**Exercise**
Report back each line of the data that contains the word "Free".

**Entries provided**
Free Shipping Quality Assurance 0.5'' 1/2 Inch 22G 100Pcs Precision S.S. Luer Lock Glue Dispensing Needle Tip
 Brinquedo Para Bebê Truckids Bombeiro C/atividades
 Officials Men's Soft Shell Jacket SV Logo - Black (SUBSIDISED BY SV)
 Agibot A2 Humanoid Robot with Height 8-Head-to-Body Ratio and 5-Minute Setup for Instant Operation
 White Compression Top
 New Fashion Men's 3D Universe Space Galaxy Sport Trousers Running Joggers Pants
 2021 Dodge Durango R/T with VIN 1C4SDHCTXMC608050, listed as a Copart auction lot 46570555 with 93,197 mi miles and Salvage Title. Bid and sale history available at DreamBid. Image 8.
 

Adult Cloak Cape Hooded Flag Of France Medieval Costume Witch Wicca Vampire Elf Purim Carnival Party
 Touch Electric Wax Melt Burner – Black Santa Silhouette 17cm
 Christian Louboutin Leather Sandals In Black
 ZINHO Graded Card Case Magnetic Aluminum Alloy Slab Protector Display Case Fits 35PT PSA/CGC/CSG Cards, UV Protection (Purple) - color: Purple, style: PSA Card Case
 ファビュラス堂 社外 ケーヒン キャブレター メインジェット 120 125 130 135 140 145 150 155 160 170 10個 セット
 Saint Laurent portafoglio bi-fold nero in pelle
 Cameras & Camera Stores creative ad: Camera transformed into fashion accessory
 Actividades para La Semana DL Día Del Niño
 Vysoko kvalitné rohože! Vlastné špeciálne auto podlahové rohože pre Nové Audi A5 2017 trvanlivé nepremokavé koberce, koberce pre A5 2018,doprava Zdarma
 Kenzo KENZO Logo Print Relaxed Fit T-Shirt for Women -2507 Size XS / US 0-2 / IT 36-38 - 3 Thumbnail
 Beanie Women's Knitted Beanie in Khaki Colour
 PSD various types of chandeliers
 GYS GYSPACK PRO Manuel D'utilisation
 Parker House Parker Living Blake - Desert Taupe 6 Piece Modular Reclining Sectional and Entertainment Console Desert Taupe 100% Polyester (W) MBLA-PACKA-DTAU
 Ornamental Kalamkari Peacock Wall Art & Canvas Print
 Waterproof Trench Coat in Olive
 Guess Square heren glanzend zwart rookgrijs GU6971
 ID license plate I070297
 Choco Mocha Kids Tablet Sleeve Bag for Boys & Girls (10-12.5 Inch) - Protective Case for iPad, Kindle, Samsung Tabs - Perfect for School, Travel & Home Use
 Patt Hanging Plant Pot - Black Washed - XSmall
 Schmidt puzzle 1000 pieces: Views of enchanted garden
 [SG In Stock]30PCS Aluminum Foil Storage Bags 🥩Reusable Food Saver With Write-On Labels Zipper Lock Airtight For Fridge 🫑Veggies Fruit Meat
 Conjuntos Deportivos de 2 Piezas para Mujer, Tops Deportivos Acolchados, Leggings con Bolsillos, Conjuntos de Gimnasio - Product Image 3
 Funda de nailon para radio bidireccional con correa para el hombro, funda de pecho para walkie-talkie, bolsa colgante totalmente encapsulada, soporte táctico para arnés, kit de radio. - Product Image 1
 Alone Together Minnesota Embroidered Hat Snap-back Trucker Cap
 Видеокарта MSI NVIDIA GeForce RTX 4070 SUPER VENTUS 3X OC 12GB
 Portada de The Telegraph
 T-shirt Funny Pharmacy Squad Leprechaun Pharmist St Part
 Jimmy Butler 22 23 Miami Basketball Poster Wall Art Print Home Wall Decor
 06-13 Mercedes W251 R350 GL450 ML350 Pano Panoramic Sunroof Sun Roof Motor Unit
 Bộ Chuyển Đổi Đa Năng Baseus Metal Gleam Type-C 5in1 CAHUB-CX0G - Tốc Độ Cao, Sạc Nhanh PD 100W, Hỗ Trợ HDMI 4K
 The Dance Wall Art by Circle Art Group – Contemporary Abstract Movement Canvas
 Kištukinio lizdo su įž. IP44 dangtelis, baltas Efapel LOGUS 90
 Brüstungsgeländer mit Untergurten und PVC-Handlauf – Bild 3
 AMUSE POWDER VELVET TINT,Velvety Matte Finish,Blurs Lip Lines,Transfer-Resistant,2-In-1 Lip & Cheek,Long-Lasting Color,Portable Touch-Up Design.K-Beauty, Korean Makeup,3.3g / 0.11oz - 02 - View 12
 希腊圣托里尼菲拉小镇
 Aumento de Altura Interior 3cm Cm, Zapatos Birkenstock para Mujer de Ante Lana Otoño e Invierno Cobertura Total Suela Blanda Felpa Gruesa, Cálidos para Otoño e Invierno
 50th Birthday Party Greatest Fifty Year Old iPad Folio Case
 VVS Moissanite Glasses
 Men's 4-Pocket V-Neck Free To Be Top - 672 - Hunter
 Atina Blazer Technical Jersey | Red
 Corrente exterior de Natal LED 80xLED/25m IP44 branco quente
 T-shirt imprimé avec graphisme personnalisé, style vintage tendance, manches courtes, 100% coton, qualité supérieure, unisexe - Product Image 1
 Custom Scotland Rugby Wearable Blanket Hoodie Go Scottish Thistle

**Solution to the problem**
Free Shipping Quality Assurance 0.5'' 1/2 Inch 22G 100Pcs Precision S.S. Luer Lock Glue Dispensing Needle Tip
 Men's 4-Pocket V-Neck Free To Be Top - 672 - Hunter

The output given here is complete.